“...we have made Arminian thinking sharper and clearer and the only and obvious alternative to the conventional options. Our Calvinist critics call it ‘consistent’ Arminianism, a judgment I am not inclined to reject” (Clark H. Pinnock, “Most Moved Mover: A Theology of God’s Openness.” Grand Rapids: Baker Academic, 2001, page 12).
“One cannot just introduce dynamic and relational features into the doctrine of God without reconsidering undynamic and unrelational features of it like meticulous sovereignty and exhaustive foreknowledge. The conventional package of attributes is tightly woven. You cannot deny one, such as impassibility, without casting doubt cast[sic] on others, like immutability. It’s like pulling on a thread and unraveling a sweater. A little boldness is required; tentative changes will not do” (Pinnock, “Most Moved Mover,” page 77).
Reading these words a few days ago stirred within me a great need to defend the system I hold to so dearly. Before I get started, then, let me say that as a fallible human being, I (like everyone else) have a tendency to look at my theological system as being more biblically faithful than anyone else’s. I’ve learned while studying these systems, though, that each system makes some good points biblically...and that I have to listen to the other opposing systems out there and let them teach me things that I did not learn from my own.

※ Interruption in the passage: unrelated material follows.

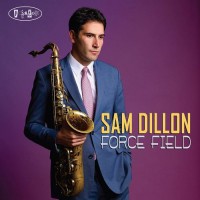 Purchase Sam Dillon - Force Field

Having said that, though, I will be as robust in defending Classical Arminianism as I have always been here at the Center for Theological Studies. This post will show why Classical Arminianism is a consistent system and so refute the charges that have been made against the system itself.
Daniel Strange gives us the above challenge in his article, “The Price of Internal Consistency?”:
“The free-will theists therefore agree with Calvinists like Jonathan Edwards, that FOREKNOWLEDGE IMPLIES FOREORDINATION and that CLASSICAL ARMINIANISM IS GUILTY OF IMPORTING CALVINISTIC THOUGHT into its doctrine of omniscience” (Daniel Strange, “The Price of Internal Consistency?” Tyndale Bulletin 51.1 (2000), page 7).

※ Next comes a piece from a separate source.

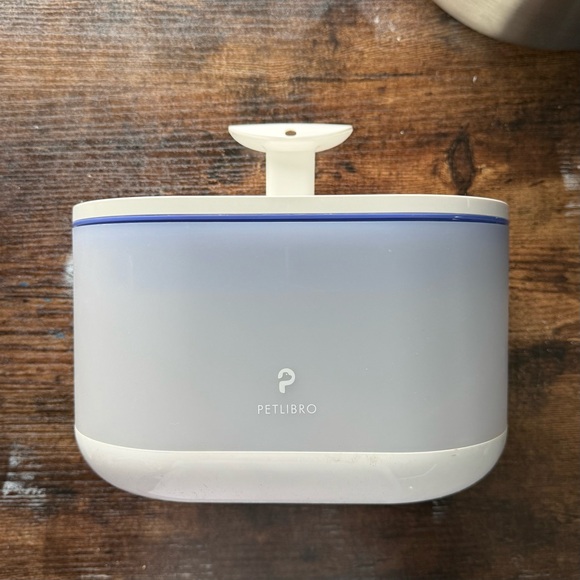 cat water fountain bundle - Picture 2 of 8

I capitalized the two phrases above to pinpoint the importance of Strange’s quote. First, the charge is made that “foreknowledge implies foreordination”: in other words, if God foreknows everything that will happen (He knows before it happens), then God has “foreordained,” or predetermined, what will happen. Fascinatingly enough, Bruce Ware treats the supposed Classical Arminian “inconsistency” in his work:
“Like it or not, says the open theist, this commitment to exhaustive divine foreknowledge undermines much of what Arminianism cherishes most. If God knows all future choices and actions, then it follows that those choices and actions are not free, that the meaningfulness of human behavior is destroyed, that genuine providential governance of the world is undermined, that real relationship with God is rendered only apparent and illusory, and that in the end a fundamentally determinist model of the God/creature relation, much like that advocated in versions of Calvinism, cannot be avoided” (Bruce A. Ware, “God’s Lesser Glory: The Diminished God of Open Theism.” Wheaton: Crossway Books, 2000, page 41).
Why is it that exhaustive foreknowledge AUTOMATICALLY leads to exhaustive sovereignty? This is a connection that Pinnock (and all open theists) and Ware seem to make: that to affirm God’s exhaustive foreknowledge is to affirm meticulous sovereignty. But this is not necessarily the case. Calvinists affirm both exhaustive sovereignty and exhaustive foreknowledge; but in Calvinism, man cannot have responsibility for his actions. This explains why a lot of students and professors I’ve met with here at Southeastern have become Molinist in their thought: while Calvinism’s God is absolutely sovereign, He is also responsible (and the author of) sin and evil, which goes against James 1. Dr. Ken Keathley, author of “Salvation and Sovereignty: A Molinist Approach,” has done a marvelous job in getting Calvinist professors and students to change their theology. You simply cannot have responsibility in Calvin’s system, like it or not.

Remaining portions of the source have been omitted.